A ses 15 ans, la mixité se révèle impossible. Règlement oblige. Son mètre soixante n'est pas suffisant pour continuer avec les garçons. Elle signe à Saint-Memmie, club de renom qui a accueilli les plus grandes (l'Ardennaise Elise Bussaglia, l'Auboise Gaëtane Thiney) et uniquement féminin. Jusqu'à ses 19 ans, elle joue en deuxième division féminine aux côtés de l'ex-internationale Marinette Pichon. "A l'époque on gagnait de temps en temps un billet de 200 francs si on gagnait un match, se souvient-elle. C'était un rythme de vie : le vendredi on partait pour un match à Marseille, le samedi on jouait et on rentrait le dimanche. Puis le lundi il fallait être de retour à la fac."
Ses études de droit à la faculté de Reims ne lui permettent plus ce rythme effréné. "J'ai décidé de faire un choix, tranche-t-elle. Je n'étais plus la petite fille qui avait envie de jouer au foot. J'avais envie de reprendre ma vie en main." Pour les études, et sa vie sociale aussi. Sa meilleure amie se déplace sur ses lieux de matchs afin de profiter de Kim, rarement disponible.

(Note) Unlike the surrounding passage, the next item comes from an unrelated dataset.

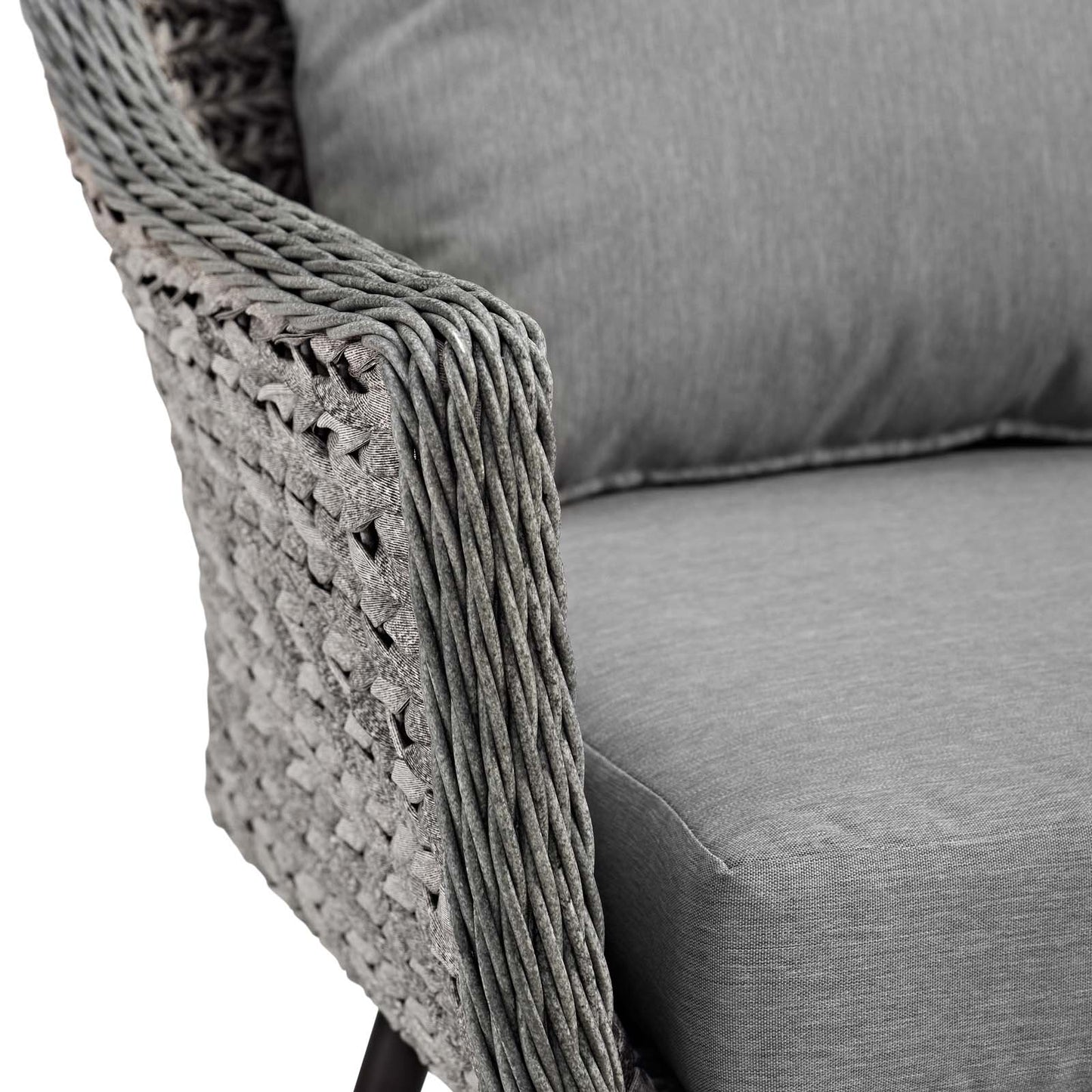 Modway Endeavor Outdoor Patio Wicker Rattan Armchair Gray | Armchairs |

Kim Duntze profite de ses premières soirées à 19 ans et termine ses études de droit haut la main. En plus de son rôle d'élue, elle dirige son cabinet d'assurance. "Je ne suis pas dans la stigmatisation, affirme la courtière en assurance. Parfois j'oublie que je suis Asiatique. Je fais un métier où il y a plus d'hommes."